American painter whose works embodied an elegant and refined form of Surrealism. Name variations: Katherine Linn Sage; Katherine Sage Tanguy; K. di San Faustino or Kay di San Faustino; Princess di San Faustino. Born Katherine Linn Sage in Albany, New York, on June 25, 1898; died of a self-inflicted gunshot wound on January 8, 1963, in Woodbury, Connecticut; daughter of Henry Manning Sage (heir to an industrial fortune and a member of the New York Legislature) and Anne Wheeler (Ward) Sage (daughter of an Albany physician); educated at various girls' schools including Brearley and Foxcroft in the United States as well as in Europe, 1908–15; attended Corcoran Art School, 1919–20; attended Italian art schools in Rome and private study with individual artists, 1920–23; married Prince Ranieri di San Faustino, in 1925 (divorced, marriage annulled by Catholic Church, 1935); married Yves Tanguy, in 1940 (died 1955).

Parents divorced (1908); worked as a government censor during World War I (1917–18); had first solo exhibit (1936); moved to Paris (1937); attended International Surrealist Exhibit in Paris and held her first exhibit there (1938); returned to the U.S. to live (1939); had first solo exhibit there (1940); moved to Woodbury, Connecticut (1941); won Watson F. Blair Purchase Prize at Art Institute of Chicago (1945); exhibited work at Catherine Viviano Gallery, New York City (1950); made first postwar trip back to Europe (1953); eyesight began to fail (1958); made first suicide attempt (1959); first full-scale retrospective showing of her work (1960).

Major works:

Monolith (Albany Institute of History and Art, 1937); Egg on Sill (Mattatuck Museum, Waterbury, Connecticut, 1939); Danger, Construction Ahead (Yale University Art Gallery, 1940); I Saw Three Cities (The Art Museum, Princeton University, Princeton, N.J., 1944); The Unicorns Came Down to the Sea (Philadelphia Museum of Art, 1948); This is Another Day (Sheldon Memorial Art Gallery, University of Nebraska-Lincoln, 1949); Tomorrow is Never (Metropolitan Museum of Art, New York, 1955).

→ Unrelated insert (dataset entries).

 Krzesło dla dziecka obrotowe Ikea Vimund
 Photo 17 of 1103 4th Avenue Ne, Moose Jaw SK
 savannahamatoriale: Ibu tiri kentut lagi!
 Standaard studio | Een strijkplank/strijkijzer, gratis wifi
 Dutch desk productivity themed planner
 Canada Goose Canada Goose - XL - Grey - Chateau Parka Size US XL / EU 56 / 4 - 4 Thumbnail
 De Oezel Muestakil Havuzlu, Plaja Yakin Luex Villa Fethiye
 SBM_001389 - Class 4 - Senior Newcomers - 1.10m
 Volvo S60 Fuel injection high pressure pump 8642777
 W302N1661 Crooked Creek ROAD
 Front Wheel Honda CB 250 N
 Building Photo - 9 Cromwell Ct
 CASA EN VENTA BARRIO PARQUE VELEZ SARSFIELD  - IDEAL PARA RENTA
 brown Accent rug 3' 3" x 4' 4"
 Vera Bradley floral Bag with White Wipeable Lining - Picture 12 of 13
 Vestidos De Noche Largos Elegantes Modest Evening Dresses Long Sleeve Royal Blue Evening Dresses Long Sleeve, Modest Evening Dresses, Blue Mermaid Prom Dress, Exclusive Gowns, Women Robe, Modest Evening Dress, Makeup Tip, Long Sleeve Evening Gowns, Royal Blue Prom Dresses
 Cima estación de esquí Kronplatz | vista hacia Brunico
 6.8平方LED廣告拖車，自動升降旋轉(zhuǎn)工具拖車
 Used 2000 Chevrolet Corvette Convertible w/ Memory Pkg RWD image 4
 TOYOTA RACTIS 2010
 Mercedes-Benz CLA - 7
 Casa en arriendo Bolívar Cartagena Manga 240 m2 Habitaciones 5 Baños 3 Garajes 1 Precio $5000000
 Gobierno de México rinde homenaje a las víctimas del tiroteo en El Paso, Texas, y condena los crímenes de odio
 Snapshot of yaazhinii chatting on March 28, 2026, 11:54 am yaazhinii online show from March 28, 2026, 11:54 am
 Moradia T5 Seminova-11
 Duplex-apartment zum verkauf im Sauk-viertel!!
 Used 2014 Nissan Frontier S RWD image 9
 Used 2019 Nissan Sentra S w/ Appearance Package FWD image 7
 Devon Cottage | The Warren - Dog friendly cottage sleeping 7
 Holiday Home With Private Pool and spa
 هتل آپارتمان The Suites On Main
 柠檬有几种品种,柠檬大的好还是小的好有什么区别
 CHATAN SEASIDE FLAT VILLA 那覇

Katherine Linn Sage was an American heiress and socialite who transformed herself into a major figure in the art world of the mid-20th century. Although she enjoyed the benefits of inherited wealth throughout her life, she abandoned the role of social dilettante, as well as her marriage to her first husband, an Italian noble, in 1935 to become a serious artist. Upon moving to Paris, the center of the European art world, in 1937, she took the name Kay Sage and quickly came under the influence of such Surrealist painters as André Breton and her future husband Yves Tanguy.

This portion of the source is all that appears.